Charles H. Spurgeon y sus huérfanos

Charles Spurgeon es sin duda uno de los más grandes predicadores de la historia en una época de grandes oradores. No sin motivo se le ha llamado el «príncipe de los predicadores», cuyos sermones siguen cautivando a muchos creyentes actuales dado su cristocentrismo y su firme defensa del evangelismo bíblico. Fue el último de los puritanos, al decir de muchos. 
En lo que a nuestro tema respecta, Spurgeon no es nada sospechoso de intromisiones políticas o sociales. A él también le tocó desarrollar su vida y ministerio en medio de la Revolución Industrial. La gigantesca congregación de Spurgeon estaba formada casi en su totalidad por trabajadores de las fábricas.

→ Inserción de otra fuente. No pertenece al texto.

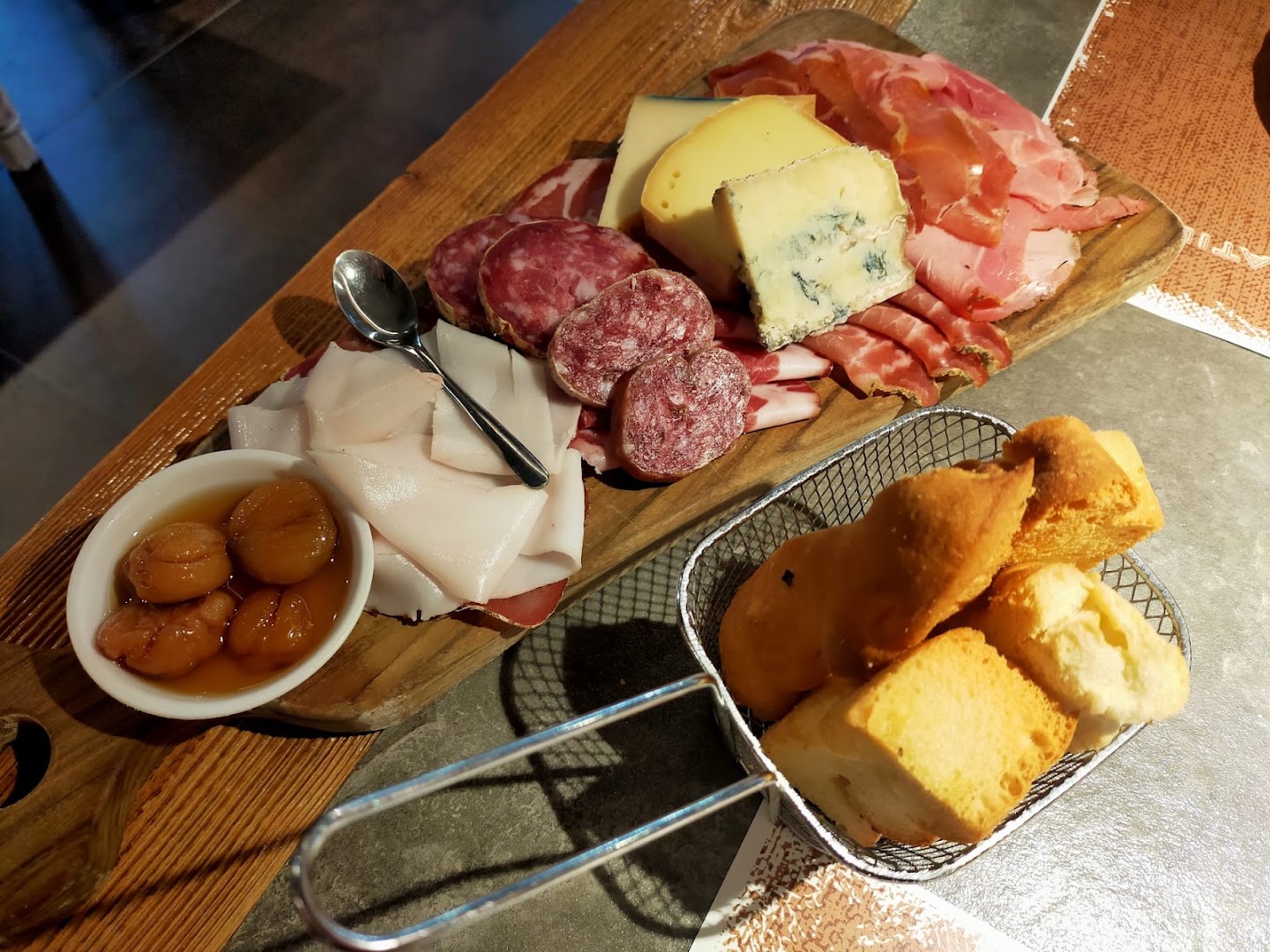 La Cave Des Amis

Por si alguno lo ignora, Karl Marx (1818-1883) y Charles Spurgeon (1834-1892) vivieron y trabajaron en la misma ciudad, Londres, al mismo tiempo, aunque cada cual luchando por diferentes motivos. El uno procurando la regeneración espiritual del individuo para alcanzar la vida eterna; el otro, promoviendo la lucha de clases para alcanzar una utópica sociedad igualitaria aquí en la tierra.  
Spurgeon nunca intervino en política, pero no fue insensible a las carencias y sufrimientos de sus contemporáneos. Nadie sostuvo con más fuerza que Spurgeon que el Evangelio no era un evangelio social, sino un evangelio redentor; pero ese evangelio redentor conllevaba implicaciones sociales que significaron el orfanato Stockwell, la escuela Ragged y los hogares para ancianos. «El Evangelio Redentor lleva en su seno el evangelio social, y el siglo XIX muestra a un Señor redentor empujando a su pueblo a las exigencias sociales de su evangelio»[4].
Aunque la Revolución Industrial estaba en su mejor momento, produciendo cuantiosas riquezas y cediendo un poco a las exigencias de una mejora de los sueldos y condiciones de los trabajadores, la situación seguía siendo desesperada para los pobres, con o sin trabajo. Miles de niños deambulaban por las calles desamparados que, o morían de hambre o se entregaban a una vida delictiva. En 1866 Spurgeon abrió las puertas de un orfanato para paliar la deplorable situación de esos niños. El orfanato proporcionaba a los niños un amplio gimnasio, piscina, campos de juegos y un hospital. En 1877 se construyó también un orfanato de niñas de tal forma que se contaba entonces con una capacidad de albergar 250 niños y 250 niñas.

Thomas Barnardo

Hogares del Dr. Barnardo

No es una imagen de ficción literaria, sino un hecho real lo que un día descubrió el Dr. Thomas John Barnardo[5] en los húmedos y sucios tejados de Londres: montones de niños durmiendo sobre las tejas y canalones de los edificios. Horrorizado y tocado en lo más profundo de su corazón cristiano, decidió abandonar su formación médica y dedicarse a ayudar a esos niños de la miseria. Así es como nació la obra social Dr. Barnardo´ Homes, que todavía perdura. En 1870, Barnardo abrió su primer hogar para niños. Además de ponerles un techo, el hogar capacitó a los niños en carpintería, metalurgia y zapatería, y les proporcionó puestos de aprendizaje.
Para empezar, había un límite en el número de chicos que podían quedarse allí. Pero cuando un niño de 11 años fue encontrado muerto (por desnutrición y exposición) dos días después de que le dijeran que el refugio estaba lleno, Barnardo prometió nunca rechazar a otro niño.
La obra de Barnardo fue radical. Los victorianos, como muchos neoliberales modernos, veían la pobreza como algo vergonzoso y resultado de la pereza o el vicio. Pero Barnardo se negó a discriminar entre los pobres «merecedores» y «no merecedores». Aceptó a todos los niños, independientemente de su raza, discapacidad o circunstancia. En el momento de su muerte, en 1905, la organización benéfica por él fundada tenía 96 hogares que cuidaban a más de 8.500 niños vulnerables[6].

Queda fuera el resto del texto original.